好景気の時に大量採用された人材ほど、あっさり解雇されやすくなります。いま、バブル期採用組の40代半ば以降から50代くらいの人で離職せざるを得ない人も少なからずいます。社内で責任ある管理職になれなかったり、出向で経験値を積んでほしいのに拒否したり。さらには、親や配偶者など家族の介護・看護や子育てで離職せざるを得なかったりもします。政府や介護育児休業法を改正して離職を防ごうとしていますが、家庭と仕事とのバランスがとれず心が折れてしまう人もいます。いちど仕事を失ったら、よほどのキャリアがない限り、再就職するのは困難です。とくに中年になると難しいです。記憶力や瞬発力も落ちていますし、進化の激しいITスキルについていくのが大変ですから。

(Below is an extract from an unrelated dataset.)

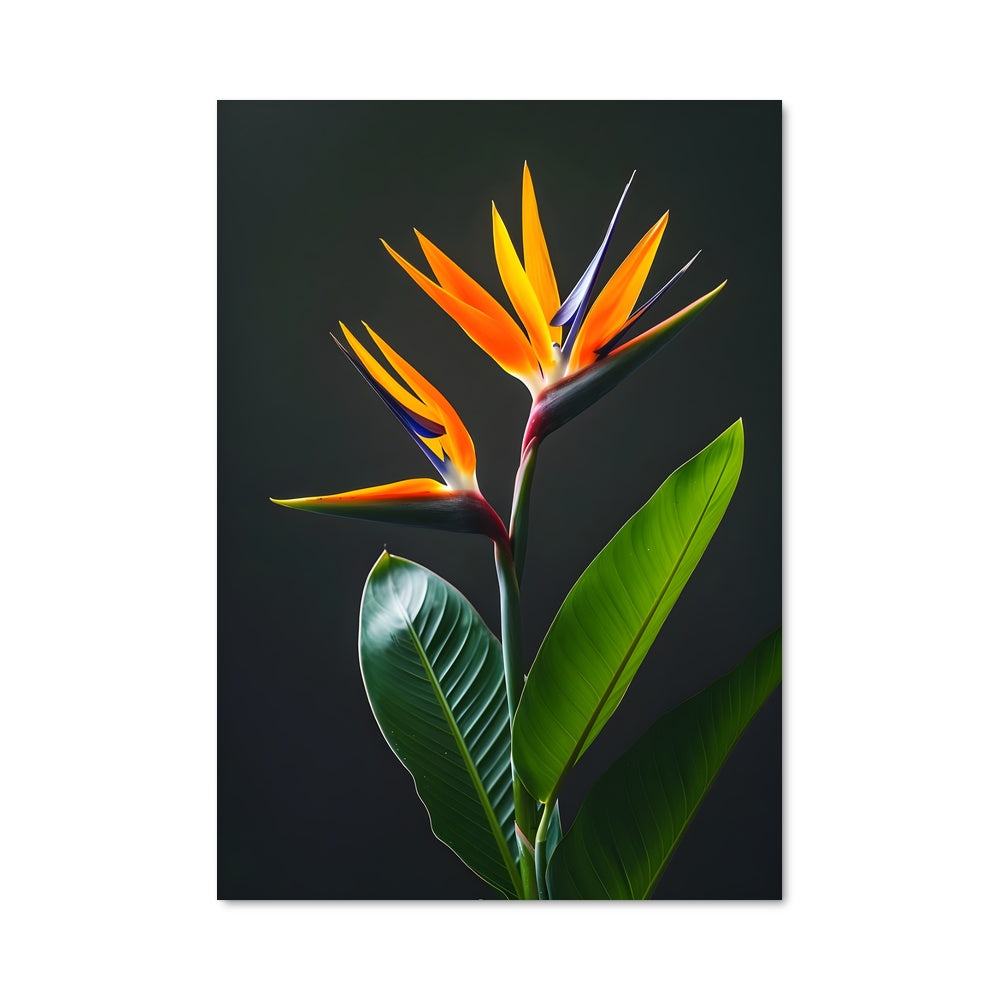 Poster Paradis Éclatant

私の知り合いの農家さんにも、大手製薬会社勤務だったのに40代後半で退職し、農業を手伝っている人もいます。親の事業を継いで代表者として堅実な経営をしている、30歳前半だけどすでに若手育成をしている人もいれば、ただどこにも就職先がないので仕方なく家事手伝いという人までさまざまです。なかには、漫画家や作家志望なので、親に食わせてもらっているという人も。

人間が生きていくうえで、仕事選びは大切な要素です。
自分の所属先のネームバリューや職種のきらびやかさに甘えてはいけない。あなたの仕事の価値は、他人が決めるもの。どんな仕事をしているか、よりも、どういう働きぶりで人に感動や利益を与えるか、のほうが大事です。会社の知名度や業界の華やかさがあっても、それはあなたが築いたものではありませんよね? 相手の満足度よりも、自己満足度が高い場合、仕事能力に対して自己利益が高すぎる場合、その仕事は将来なくなる公算が大きいと考えていた方がよいでしょう。既得権益に守られていた業界の人間はあぐらをかかないほうがいいですね。

先日、庭木の剪定をある男性にお願いしました。
40代のその男性は隣家の剪定にかねてから来ていた人で、私の家族と顔見知りでした。田舎は素性のしれない人を家に入れるのを嫌います。私が直接面会したところ、この男性は応対が丁寧で打ち合わせもきちんとできる人でした。また、自分の技術を過剰にアピールすることもないですが、樹の素人であるわれわれの質問には適切に答えてくれます。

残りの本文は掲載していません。